Interestingly, you have extra spaces when you construct your queries, e.g.
queries[2]= " accountmanagement" has an extra space at the beginning but
when you index the document, there are no spaces. I believe that since
you're indexing the fields UN_TOKENIZED, that the spaces are preserved in
the query (but I'm not entirely clear on this point, so don't take my word
for it completely <G>).
Have you used Luke to examine your index? You can also put parsed form of
the query into Luke and play around with that to see what *should* work.
Google lucene luke and you'll find it right away.
Best
Erick
On 9/12/06, Pramodh Shenoy <[EMAIL PROTECTED]> wrote:
Hi Eric/Usergroup,
I am working on a help content index-search project based on Lucene.

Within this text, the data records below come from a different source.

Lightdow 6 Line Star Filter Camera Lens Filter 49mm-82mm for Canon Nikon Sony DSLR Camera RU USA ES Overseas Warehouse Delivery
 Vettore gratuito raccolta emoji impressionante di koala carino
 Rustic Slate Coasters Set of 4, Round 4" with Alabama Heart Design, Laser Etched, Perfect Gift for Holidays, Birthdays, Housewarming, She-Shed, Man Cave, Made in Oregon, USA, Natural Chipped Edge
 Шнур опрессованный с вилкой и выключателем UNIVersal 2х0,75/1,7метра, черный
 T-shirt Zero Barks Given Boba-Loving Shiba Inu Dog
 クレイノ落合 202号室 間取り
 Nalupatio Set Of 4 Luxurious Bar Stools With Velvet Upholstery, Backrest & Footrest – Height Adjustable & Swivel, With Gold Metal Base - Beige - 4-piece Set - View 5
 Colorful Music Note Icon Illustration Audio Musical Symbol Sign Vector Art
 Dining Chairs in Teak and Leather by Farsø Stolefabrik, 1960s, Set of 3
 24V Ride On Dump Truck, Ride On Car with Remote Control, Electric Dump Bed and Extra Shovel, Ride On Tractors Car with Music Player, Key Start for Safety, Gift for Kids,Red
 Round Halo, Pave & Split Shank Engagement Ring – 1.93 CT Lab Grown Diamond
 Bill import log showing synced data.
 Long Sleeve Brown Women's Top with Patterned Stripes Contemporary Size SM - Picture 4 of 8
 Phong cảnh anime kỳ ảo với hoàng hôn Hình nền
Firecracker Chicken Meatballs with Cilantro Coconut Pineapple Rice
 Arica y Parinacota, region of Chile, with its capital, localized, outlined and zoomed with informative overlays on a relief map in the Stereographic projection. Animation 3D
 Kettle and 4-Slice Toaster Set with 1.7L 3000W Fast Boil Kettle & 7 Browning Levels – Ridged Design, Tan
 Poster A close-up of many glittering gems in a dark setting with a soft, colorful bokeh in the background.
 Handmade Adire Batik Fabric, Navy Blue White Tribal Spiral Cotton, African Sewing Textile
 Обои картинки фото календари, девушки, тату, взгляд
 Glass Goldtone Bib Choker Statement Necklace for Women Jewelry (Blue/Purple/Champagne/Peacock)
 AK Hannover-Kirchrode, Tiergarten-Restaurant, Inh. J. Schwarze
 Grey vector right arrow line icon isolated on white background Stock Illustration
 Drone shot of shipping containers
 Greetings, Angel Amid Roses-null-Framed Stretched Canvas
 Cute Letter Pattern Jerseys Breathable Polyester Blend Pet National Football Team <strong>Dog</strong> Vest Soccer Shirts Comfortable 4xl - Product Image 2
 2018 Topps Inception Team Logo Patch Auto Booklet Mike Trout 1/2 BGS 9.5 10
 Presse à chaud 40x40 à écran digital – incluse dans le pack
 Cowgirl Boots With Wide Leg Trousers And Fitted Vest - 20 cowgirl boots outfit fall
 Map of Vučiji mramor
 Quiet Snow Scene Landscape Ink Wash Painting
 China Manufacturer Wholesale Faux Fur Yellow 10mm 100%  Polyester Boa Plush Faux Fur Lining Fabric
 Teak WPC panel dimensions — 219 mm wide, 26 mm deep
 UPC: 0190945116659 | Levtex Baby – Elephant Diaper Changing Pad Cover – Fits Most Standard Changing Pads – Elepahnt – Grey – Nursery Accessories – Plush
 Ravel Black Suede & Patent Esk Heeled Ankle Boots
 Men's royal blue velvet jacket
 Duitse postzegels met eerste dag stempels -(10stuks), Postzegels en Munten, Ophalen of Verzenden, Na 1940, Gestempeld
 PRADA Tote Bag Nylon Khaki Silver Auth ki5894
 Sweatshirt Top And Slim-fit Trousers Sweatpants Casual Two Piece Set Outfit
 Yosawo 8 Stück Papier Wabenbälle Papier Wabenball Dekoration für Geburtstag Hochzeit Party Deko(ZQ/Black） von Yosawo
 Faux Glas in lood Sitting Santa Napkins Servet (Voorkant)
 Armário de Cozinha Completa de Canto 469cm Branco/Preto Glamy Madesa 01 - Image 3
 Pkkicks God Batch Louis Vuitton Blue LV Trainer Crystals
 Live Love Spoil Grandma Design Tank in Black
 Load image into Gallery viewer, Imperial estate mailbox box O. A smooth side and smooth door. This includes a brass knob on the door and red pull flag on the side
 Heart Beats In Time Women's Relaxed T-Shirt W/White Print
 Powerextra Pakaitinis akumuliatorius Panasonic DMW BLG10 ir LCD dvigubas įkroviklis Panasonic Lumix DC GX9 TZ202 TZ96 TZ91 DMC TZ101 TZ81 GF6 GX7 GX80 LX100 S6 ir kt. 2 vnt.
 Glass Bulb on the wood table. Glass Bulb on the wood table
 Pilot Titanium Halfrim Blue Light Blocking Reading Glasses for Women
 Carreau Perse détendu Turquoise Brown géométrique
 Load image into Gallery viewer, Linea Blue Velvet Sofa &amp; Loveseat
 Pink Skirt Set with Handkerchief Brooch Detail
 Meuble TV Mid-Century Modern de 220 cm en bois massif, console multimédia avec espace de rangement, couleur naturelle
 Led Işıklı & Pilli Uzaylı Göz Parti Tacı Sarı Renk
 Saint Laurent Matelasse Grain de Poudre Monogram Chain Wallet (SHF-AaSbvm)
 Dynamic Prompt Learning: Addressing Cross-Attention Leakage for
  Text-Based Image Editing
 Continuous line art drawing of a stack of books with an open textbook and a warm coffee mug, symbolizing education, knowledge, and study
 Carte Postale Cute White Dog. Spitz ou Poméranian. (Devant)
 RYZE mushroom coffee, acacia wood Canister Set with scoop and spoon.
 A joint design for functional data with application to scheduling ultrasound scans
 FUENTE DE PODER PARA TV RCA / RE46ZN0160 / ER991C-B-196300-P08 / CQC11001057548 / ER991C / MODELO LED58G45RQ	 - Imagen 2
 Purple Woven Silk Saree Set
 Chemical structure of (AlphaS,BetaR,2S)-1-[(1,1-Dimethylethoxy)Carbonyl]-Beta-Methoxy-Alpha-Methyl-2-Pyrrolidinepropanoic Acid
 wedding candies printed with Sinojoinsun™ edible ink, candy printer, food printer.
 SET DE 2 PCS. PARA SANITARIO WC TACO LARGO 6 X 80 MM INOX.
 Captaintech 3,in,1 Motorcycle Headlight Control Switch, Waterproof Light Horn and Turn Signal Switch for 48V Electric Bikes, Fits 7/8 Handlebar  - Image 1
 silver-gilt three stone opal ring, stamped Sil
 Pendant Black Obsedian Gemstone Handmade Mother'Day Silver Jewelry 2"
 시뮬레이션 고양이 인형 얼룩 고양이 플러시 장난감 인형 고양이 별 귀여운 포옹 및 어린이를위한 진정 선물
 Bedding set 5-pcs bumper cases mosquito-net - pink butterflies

One of my requirements is to search for a particular text in the content
of files from specific directories. When I index the content
Eg. guides/accountmanagement/index.htm and
guides/databasemanagement/index.htm
doc.add(new Field("booktype", "guides", Field.Store.YES,
Field.Index.UN_TOKENIZED))
doc.add(new Field("subtype", "accountmanagement", Field.Store.YES,
Field.Index.UN_TOKENIZED))
doc.add(new Field("subtype", "databasemanagement", Field.Store.YES,
Field.Index.UN_TOKENIZED))
doc.add(new Field("content",
all-content-read-from-html-body-as-a-string, Field.Store.NO,
Field.Index.TOKENIZED))
Now I want to search for all occurrences of "management" in the
"content" field (which already exists in both the above index.htm files
body), in files under subtype/accountmanagement and under subtype/
databasemanagement
Iam creating the query as below:
String [] queries = new String [3];// =new String[4]
String [] fields = new String [3] ];// =new String[4]
BooleanClause.Occur[] flags = new BooleanClause.Occur[3] ];//
=new String[4]
queries[0]= " guides ";
fields[0]=" booktype ";
flags[0] = BooleanClause.Occur.MUST;
queries[1]= " management ";
fields[1]="content";
flags[1] = BooleanClause.Occur.MUST;
/* ######## A ####### */
queries[2]= " accountmanagement databasemanagement ";
fields[2]=" subtype ";
flags[2] = BooleanClause.Occur.MUST;
/* ##### B #######
queries[2]= " accountmanagement";
fields[2]="subtype";
flags[2] = BooleanClause.Occur.MUST;
queries[3]= " databasemanagement ";
fields[3]=" subtype ";
flags[3] = BooleanClause.Occur.MUST;
*/
Query queryObj = null;
//parse the query string
try {
queryObj = MultiFieldQueryParser.parse(queries, fields,
flags, new StandardAnalyzer());
} catch (ParseException exp) { }
With option A , the query generated looks like:
+booktype:guides +content:management +(subtype: accountmanagement
subtype: databasemanagement)
With option B , the query generated looks like:
+booktype:guides +content:management +subtype: accountmanagement
+subtype: databasemanagement
Both return no Hits.!
Any idea how I should create the query. In Lucene In Action, this is
explained as "you can group field selection over several terms using
field:(a b c)". How can I achieve this with the code above ?
Thanks
Pramodh